# Would a Uber driver drive from Orlando to Tampa ? 85 Miles



## R17 (May 27, 2015)

Hi,

I'm from Germany and I'm for a couple of weeks in Orlando (Florida)
I want to use Uber for first time and would someone drive from Orlando to Tampa or vice versa?

Would someone of you (Uber-driver) drive 85 Miles to somewhere ?


----------



## ReviTULize (Sep 29, 2014)

I have been offered this before in my area and would only do it on the XL rates. It's a little bit extra to compensate for the ride back


----------



## Amsoil Uber Connect (Jan 14, 2015)

Yes, but, What about the return trip?


----------



## Disgusted Driver (Jan 9, 2015)

Not for X rates, they are too low to compensate for the empty miles going back.


----------



## R17 (May 27, 2015)

Amsoil Uber Connect said:


> Yes, but, What about the return trip?


We want to visit the Busch Garden Tampa and would calling an Uber for the back trip.


----------



## Amsoil Uber Connect (Jan 14, 2015)

I think for the cost it would be better to rent a car, plus you would have freedom.


----------



## gprimr1 (Mar 7, 2015)

You'd need to find a driver willing to do the return trip too. 
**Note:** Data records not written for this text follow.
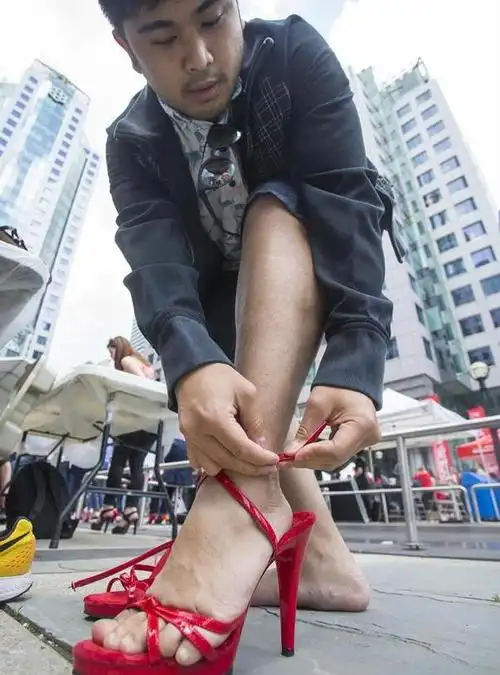 男士穿上高跟鞋比赛行走,这个比赛的初衷是为了提高男性的女性保护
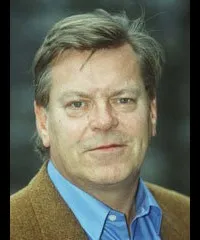 영화배우인 워렌 클라크의 대표 이미지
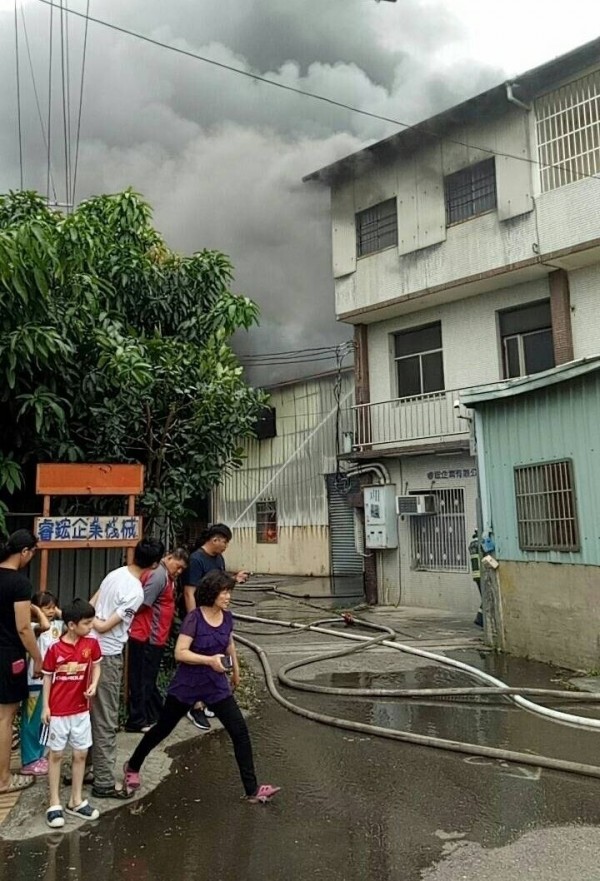 台中大里文心南路一家工廠，今天上午傳出火警，消防人員前往搶救。（記者陳建志翻攝）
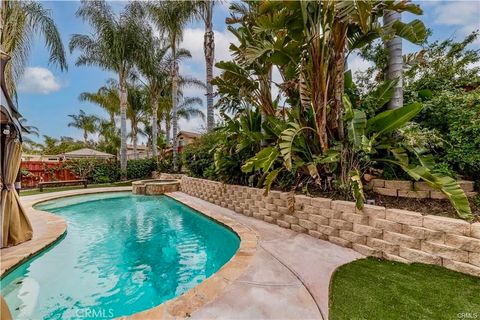 Photo of 43355 Corte Benitez, Temecula, CA 92592 (MLS # SW26079380)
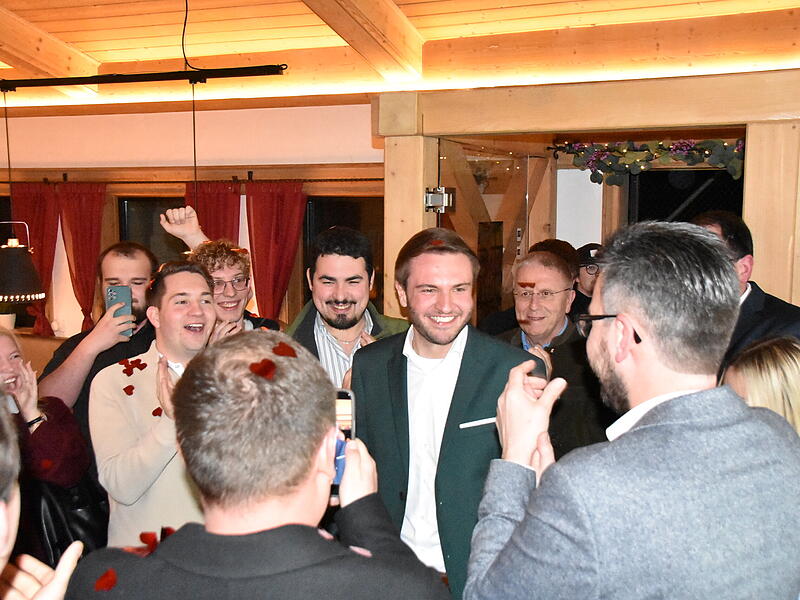 Mit Konfetti wurde dem neuen Landrat Jonas Gleich (CSU) gratuliert.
My suggestion would be to use Uber a bit, if you find a driver you like, offer him a flat fee to drive you there and back.


----------



## OrlUberOffDriver (Oct 27, 2014)

R17 I make a couple of trip to Tampa every week. I leave Orlando at 6:00 am and return at back at about 5:30 pm
Let me know if you want to hook up. I can also provide you with in car WIFI. 
Also, Send me PM here if you want to be pick up at MCO(Orlando International Airport)


----------



## azndriver87 (Mar 23, 2015)

who ever accept this should also apply for the Tampa market as well, usually give a week or so this way you might be able to do some rides in tampa, stay in contact with the OP, and have OP call the driver up after they're done.

I'd definitely do it.

I live in MD and I am apporved from DC, to "greater MD, pretty much DC and MD and northern VA


----------



## gprimr1 (Mar 7, 2015)

Like this person ^


----------



## gprimr1 (Mar 7, 2015)

I would def do something like this, but for a flat fee, and I'd spend the day at the beach but I live in MD too.


----------



## OrlUberOffDriver (Oct 27, 2014)

In Florida we can accept requests in all markets.


----------



## azndriver87 (Mar 23, 2015)

oh then OP should post this in the Florida section in the "cities" section.


----------



## R17 (May 27, 2015)

OrlUberOffDriver said:


> R17 I make a couple of trip to Tampa every week. I leave Orlando at 6:00 am and return at back at about 5:30 pm
> Let me know if you want to hook up. I can also provide you with in car WIFI.
> Also, Send me PM here if you want to be pick up at MCO(Orlando International Airport)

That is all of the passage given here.